Upon his arrival in Toronto, then-general manager Punch Imlach requested that Kelly move to center and play with Frank Mahovolich as Kelly had some very good offensive skills. Kelly agreed, and the duo ended up playing together and doing very well. He won another Lady Byng and four more Stanley Cups with the Maple Leafs, solidifying his Hall of Fame career and earning a spot on the NHL’s Top 100 Players list.

Dustin Byfuglien

The Chicago Blackhawks drafted Dustin Byfuglien out of the Western Hockey League (WHL) in the 2003 NHL Entry Draft. The big, bruising defenseman took a few years to get to the NHL but as the team identified a need for a bigger body to play with the rest of the forwards, they put him on the wing. He thrived in this position as he eventually earned a spot on the top line and was a pivotal part of the 2010 playoff run, playing alongside Jonathan Toews and Patrick Kane on the first line. Using his big frame to win puck battles and be a bother in front of the net, there was great chemistry between the trio. In the time between making the club up to the trade to the Atlanta Thrashers, Byfuglien wasn’t scoring very much but his impact was still large. Come playoff time, however, he scored a very respectable 25 points in 39 games.
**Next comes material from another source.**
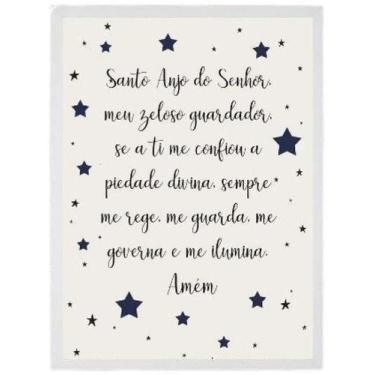 Imagem de Quadro Santo Anjo Do Senhor Estrelinhas 45x34 C/Vidro Branca - Quadros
Winnipeg Jets' Dustin Byfuglien
Winnipeg Jets’ Dustin Byfuglien (AP Photo/Jeff Roberson)

Due to the salary cap, the Blackhawks had to deal Byfuglien and the Thrashers were the lucky ones to land him. While he was successful in the top-six of the Chicago club that just won the Stanley Cup, the Thrashers opted to move him back to his natural defensive position. This was when Byfuglien finally broke out as he recorded 53 points in 80 games from the back end. The rest of his career was spent with the Winnipeg Jets after the Thrashers’ relocation and he continued to be a star defenseman posting 50-plus points five times after the initial trade.

Andrei Markov

There isn’t much history with Andrei Markov’s career as a forward. In his hockey career prior to being drafted by the Montreal Canadiens, he was a centerman for the Khimik Voskresensk in the Russian Superleague (Now known as the Kontinental Hockey League – KHL). His play at center got him drafted in the sixth round, but following the draft, he ended up playing with Dynamo Moscow.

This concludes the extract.